Il suffit d’un aphorisme un brin nietzschéen,
contempler le mal reviendrait à l’inviter à la maison, pour que tout déraille,
s’emballe, finisse dans les flammes. Plutôt que résonner en rime soumise, le
plan et la case forment un tandem
stimulant, écart en miroir du ciné et de la BD, disons en mode Sergio Leone. L’architecture
fichtrement freudienne affiche une porte refermée sur le surnaturel secret, sur
la noirceur de la psyché, sur un espace obscur éclairé par le savant Sergio
Salvati, collaborateur régulier de Lucio Fulci, à l’ouvrage aussi sur le
claustrophobique Crawlspace (David Schmoeller, 1986), où se taisent d’antiques
et intactes statues immaculées, où rugit un holocauste ad hoc, foyer de l’esprit transformé en feu qui détruit.
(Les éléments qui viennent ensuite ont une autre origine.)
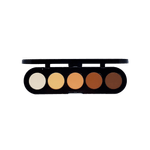 Atelier-Paris-Paleta-5-Sombras-T05---Paleta-de-Sombras-80g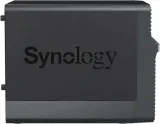 serwer-plikow-synology-ds423-producent-synology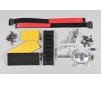 Kit conversion electro 2WD 4WD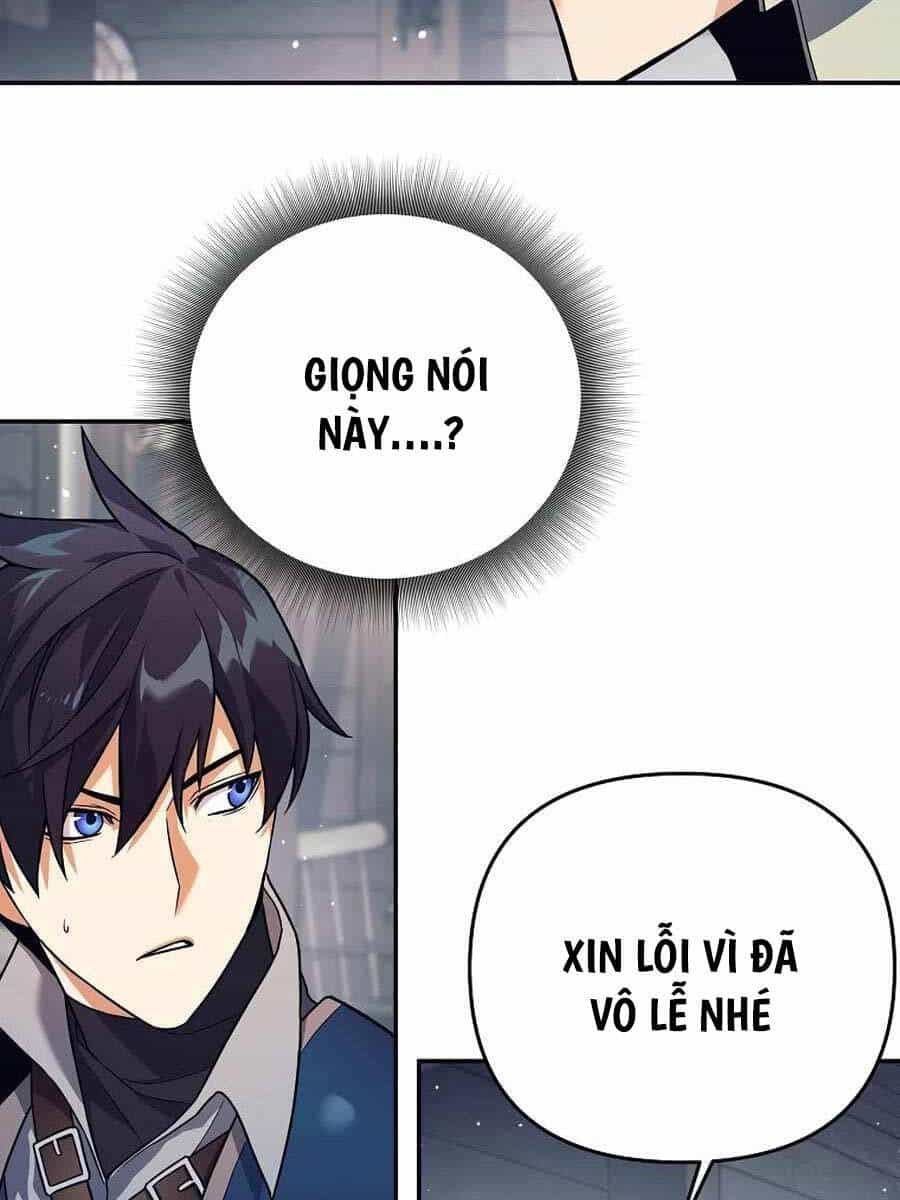 Trở Thành Tên Khốn Ở Thế Giới Dark Fantasy - Chương 3 - ảnh 53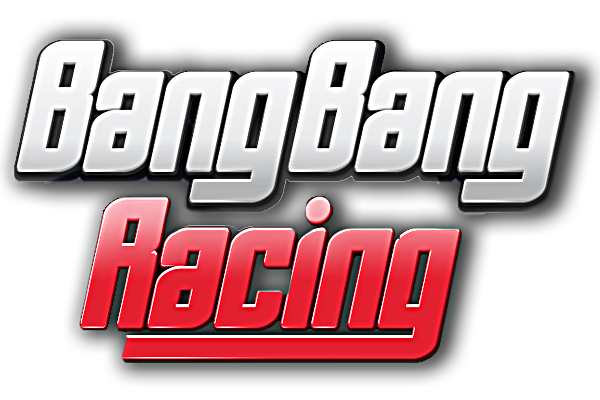 Bang Bang Racing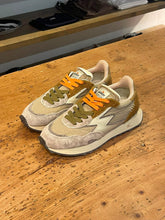 Load image into Gallery viewer, Sneakers Colors | MOA Concept
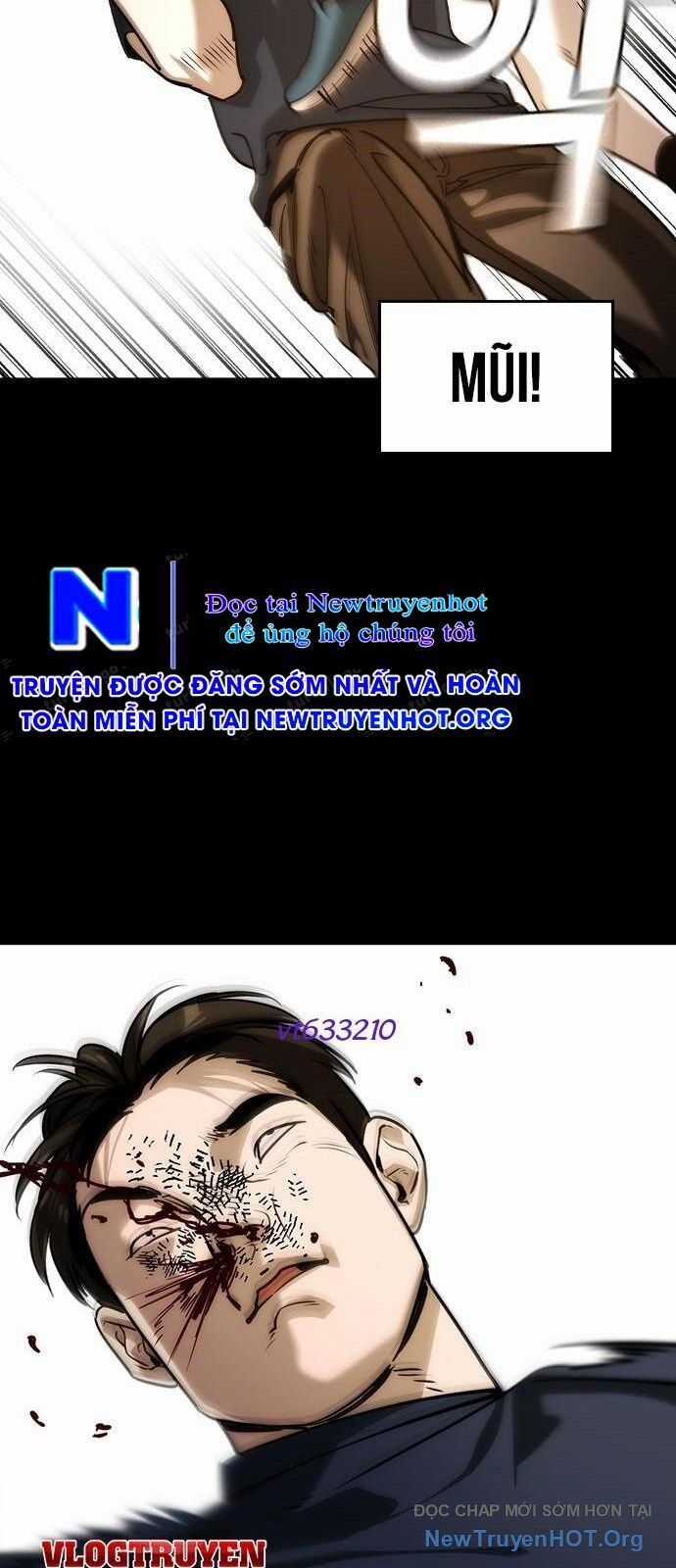Quý Công Tử - Chương 44 - Trang 15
La fifille
fanatique de fantastique explicite se recherche peut-être un père par
procuration, dont poursuivre l’opus,
fi des décennies, à l’instar des réalisateurs héritiers de la Nouvelle Vague,
elle rêve d’ouvrir l’huis intérieur, interdit, en consœur de cœur des épouses trop
curieuses de Barbe-Bleue, elle visualise, savoure son fantasme de violence et d’outrance,
doté d’une victime ressuscitée/redressée à la Nosferatu, en série, si loin de
la studieuse Midge de Sueurs froides (Alfred Hitchcock,
1958), pourtant pareillement penchée sur sa table de travail, à tracer de sages
soutiens-gorges dignes de l’industrie aérospatiale. Remarquez au mur de sa
chambre une affiche de Re-Animator (Stuart Gordon, 1985) ;
appréciez ses condisciples de « colonie », sympathique peintre
abstrait, performeuse alcoolisée, amateur majeur de Mike Hammer, chipie éprise d’un
projet de « vidéo vérité », en français dans le dialogue, petite
démonstration des mensonges du montage en sus. Le cauchemar de la novice Whitney
raccorde sur un cri déceptif, déstressant, marrant.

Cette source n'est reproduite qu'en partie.